> _What to do_
Copy verbatim the span of lines beginning at the line that contains "- GANHE DINHEIRO" and ending with the final line of the data. Exclude pictures from the copy.

Top of Supplied material

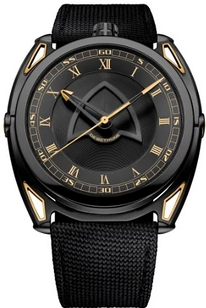 De Bethune Dress watches DB27 Titan Hawk JPS DB27V2JPS De Bethune Dress watches DB27 Titan Hawk JPS DB27V2JPS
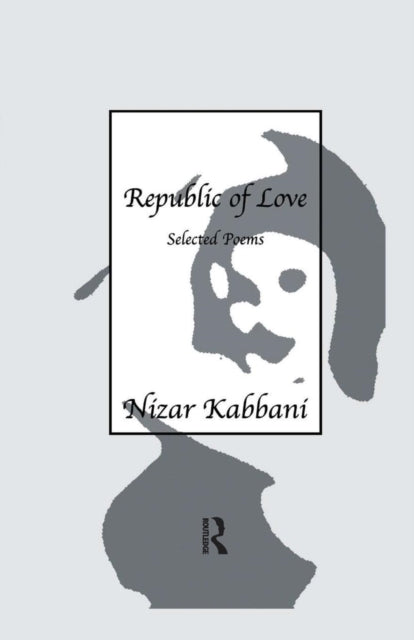 Book cover of: Republic Of Love. By: Nizar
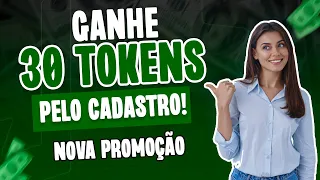 🔥URGENTE - GANHE 30$ TOKENS ISLM PELO CADASTRO COM ESSA NOVA PROMOÇÃO - GANHE DINHEIRO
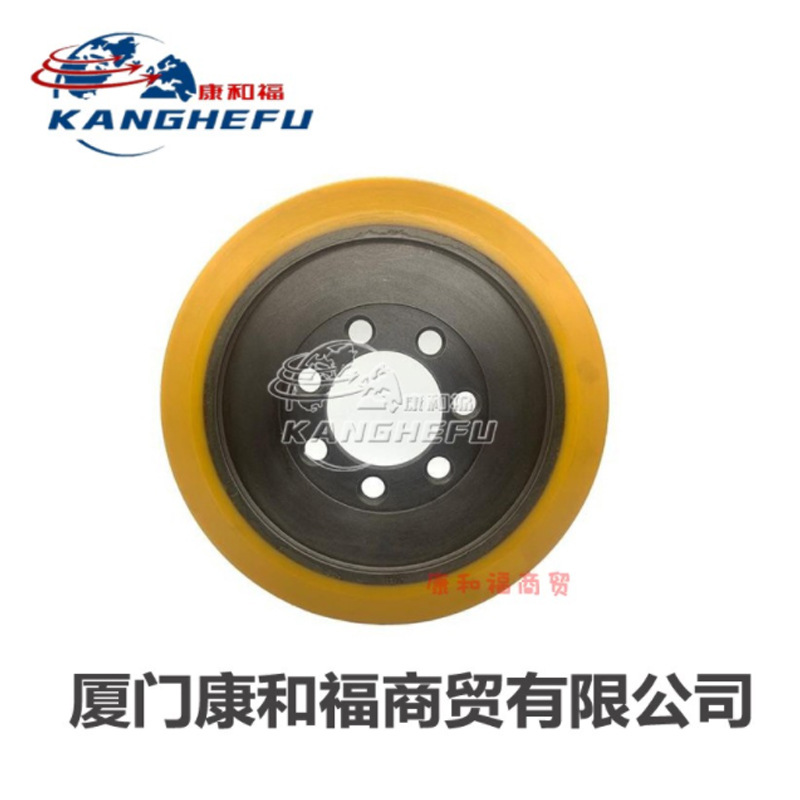 永恒力电动叉车PU轮电动搬运EJE120承载轮50460100承载轮50307456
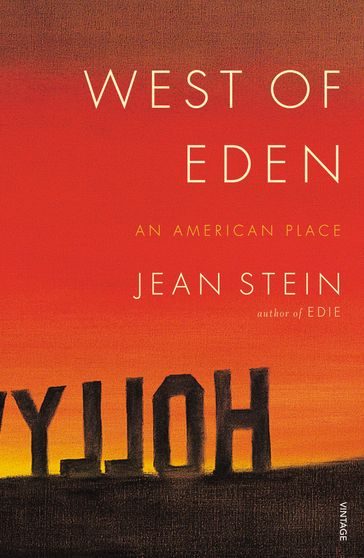 West of Eden - Jean Stein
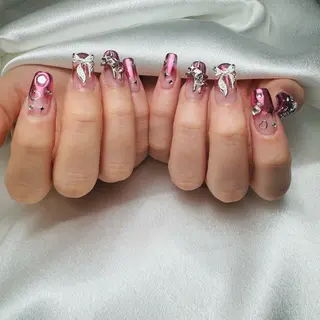 ネイル ネイルサロン lotusのネイルデザイン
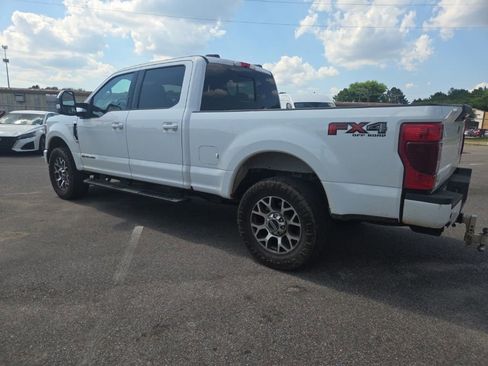 Used 2022 Ford F250 Lariat AWD/4WD image 4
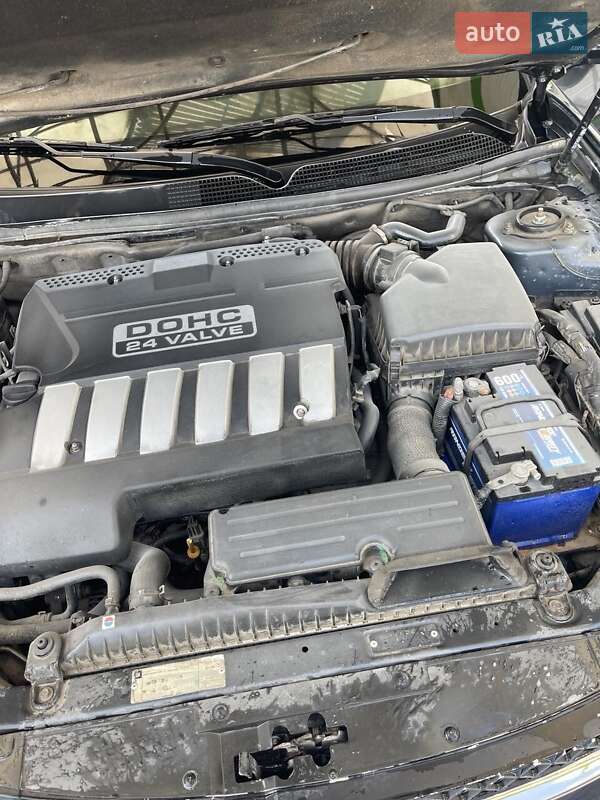 Седан Chevrolet Epica 2007 в Тернополі фото 5 Седан Chevrolet Epica 2007 в Тернополі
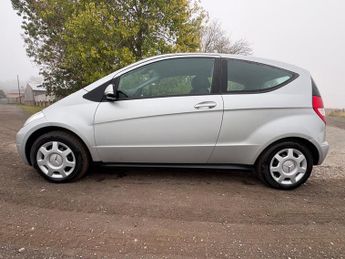 Mercedes-Benz A Class 1.5 A150 Classic SE CVT 3dr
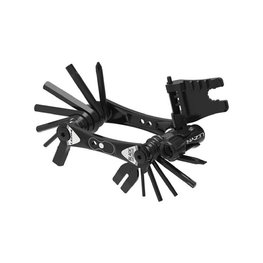 LEZYNE Cycling tools - RAP II 25 CO2 - black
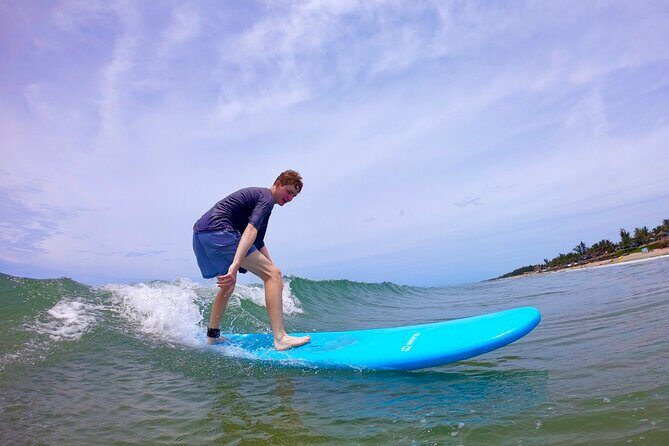 Go Surfing In Danang AND Hoi An - Small group size (max 8) and why it matters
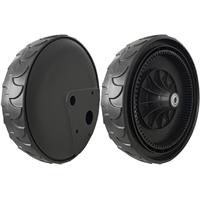RUOTA TR 280 C/C X SILVER
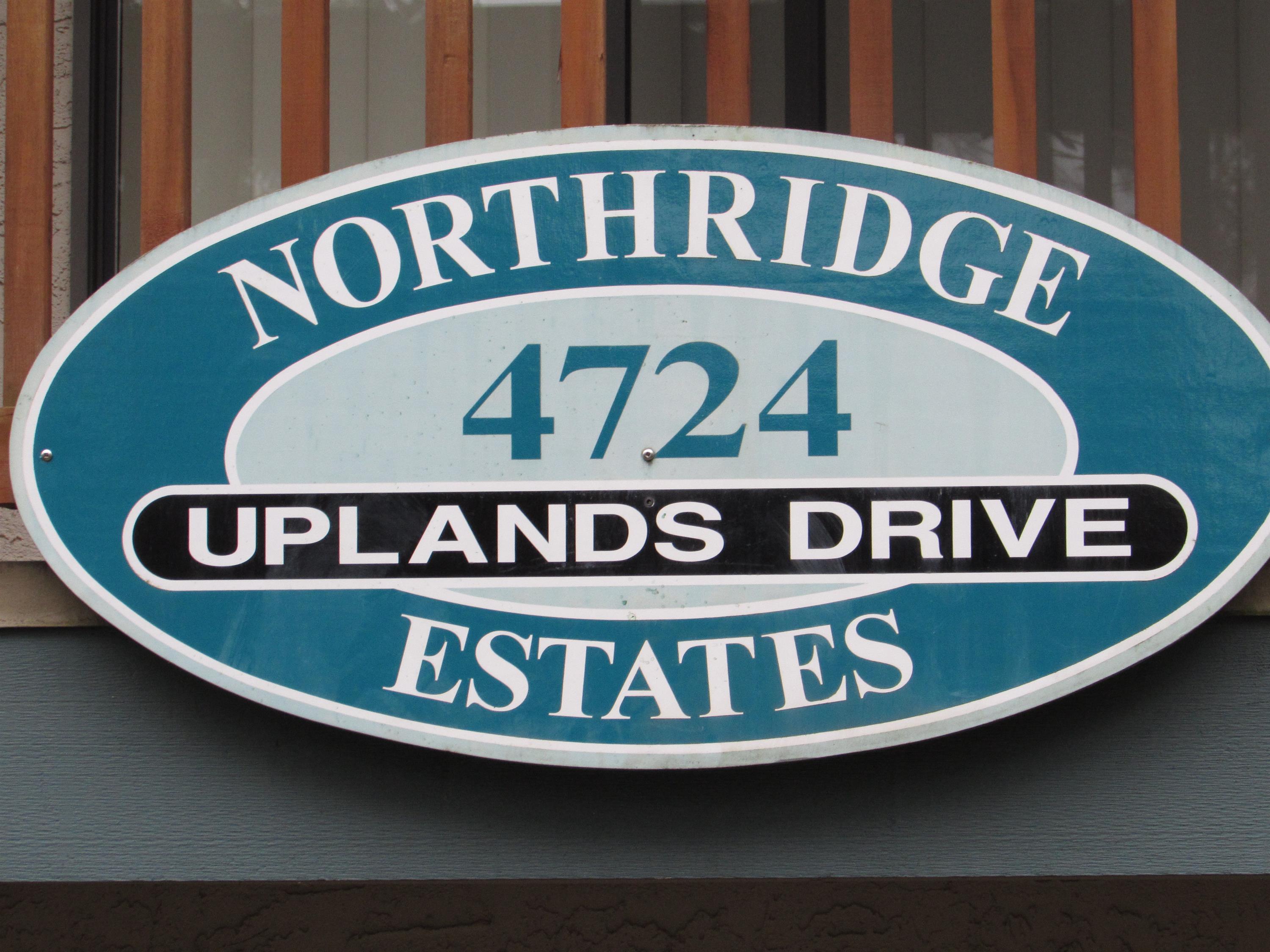 #203 - 4724 Uplands Drive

Bottom of Supplied material

> _Answer to the problem_
 🔥URGENTE - GANHE 30$ TOKENS ISLM PELO CADASTRO COM ESSA NOVA PROMOÇÃO - GANHE DINHEIRO
 永恒力电动叉车PU轮电动搬运EJE120承载轮50460100承载轮50307456
 West of Eden - Jean Stein
 ネイル ネイルサロン lotusのネイルデザイン
 Used 2022 Ford F250 Lariat AWD/4WD image 4
 Седан Chevrolet Epica 2007 в Тернополі фото 5 Седан Chevrolet Epica 2007 в Тернополі
 Mercedes-Benz A Class 1.5 A150 Classic SE CVT 3dr
 LEZYNE Cycling tools - RAP II 25 CO2 - black
 Go Surfing In Danang AND Hoi An - Small group size (max 8) and why it matters
RUOTA TR 280 C/C X SILVER
 #203 - 4724 Uplands Drive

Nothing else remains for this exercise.